At Nostar there are the ruins of several homes. The most substantial is a house that was never completed. A while back I was told the story behind the unfinished house, but my memory fails me. If anyone out there knows the story, please get in touch. 

In the 1890s, Nostar was home to a family of eight: Donald MacInnes (Domhall Nostair), his wife Chirsty, and their six children. Their story is quite tragic. Donald had acquired a 30-foot herring fishing boat in 1893, and in December of that year Donald and his crew of four went missing. 

The crew that sailed out with Donald on a December day in 1893 included his 15-year-old son Norman and three men from Eilean Anabaich, which lies three miles northwest of Rhenigidale. The men from Eilean Anabaich were Donald MacInnes’ brother-in-law Roderick Shaw, Roderick's son Angus, and  Roderick's brother Angus.

After anchoring off the west coast of the mainland with two other Rhenigidale boats, Claymore and Try Again, the three ships set out to return home. A storm blew up when they were near the Shiants. It started snowing and they became separated. Only Claymore and Try Again made it home to Loch Seaforth. A few days later (Dec 12) a shepherd found two drowned men tied together on the shore near Sandwood Bay (pictured below), 60 miles from where they were last seen. 

The Sandwood shepherd was from Lewis and recognized the bodies as Donald MacInnes and his son Norman. (The two men were buried at Oldshoremore Cemetery, four miles south of Sandwood). A bit later a search party discovered the wreck of Donald’s boat north of Sandwood on Strathcailleach Beach. Then, on Dec 18, the bodies of Angus Shaw and his nephew were recovered and buried at Oldshoremore. The last of the five-man crew, Roderick Shaw, was never found.

Donald MacInnes of Nostar left behind his wife Chirsty and six children: Duncan (13), Roderick (11), William (9), Margaret (6), Marion (4), Donald (2), and Norman (10 months). Roderick Shaw of Eilean Anabaich left behind his wife Salvia (Donald MacInnes’ sister) and five children: Duncan (14), Donald (13), Kenneth (11), Margaret (8), and Mary Kate (18 months).

The most recent tenant of Nostar (that I know of) was Kenny MacKay, who still lives in Rhenigidale. Kenny was the last postman to have the route to Rhenigidale before the road was built in 1987, and his story is told in Rhenigidale: A Community’s Fight for Survival, published by Acair in 2016. An interesting reminder of Kenny’s time at Nostar is the rusting ruin of his tractor.

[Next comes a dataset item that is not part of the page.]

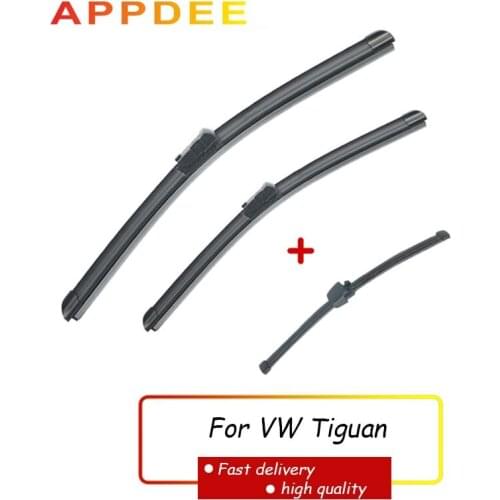 APPDEE Wiper LHD Front Rear Wiper Blades Set For VW Tiguan 2007-2016 Windshield Windscreen Front Rear Window 24"+21"+13"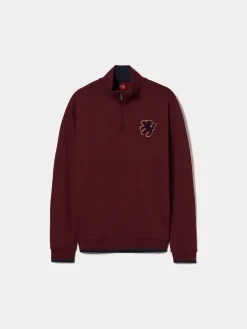 LION OF PORCHES Sweats^Sweater com fecho e riscas em contraste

Also to be seen at Nostar is a strange object snaking its way down from the top of the ridge. It is the remains of a very long pipe set in place to bring fresh water down from a mountain loch to the shore. It was a failed attempt to come up with a way to clean sea lice from farmed salmon (freshwater kills the lice). It was a failure, but the fish farm is still there. (The location of the pipe is indicated with arrows in the next photo.)  The second photo below is looking east from Nostar to the fish farm and 1470-foot-high Caiteseal.


Here ends a stunning walk up the far shores of Loch Seaforth. If you are inclined to make it a loop walk, you can head west over the ridge from Nostar and then drop down to the road. From there, a two-mile walk will take you back to the hostel (pictured below). Otherwise, return the way you came.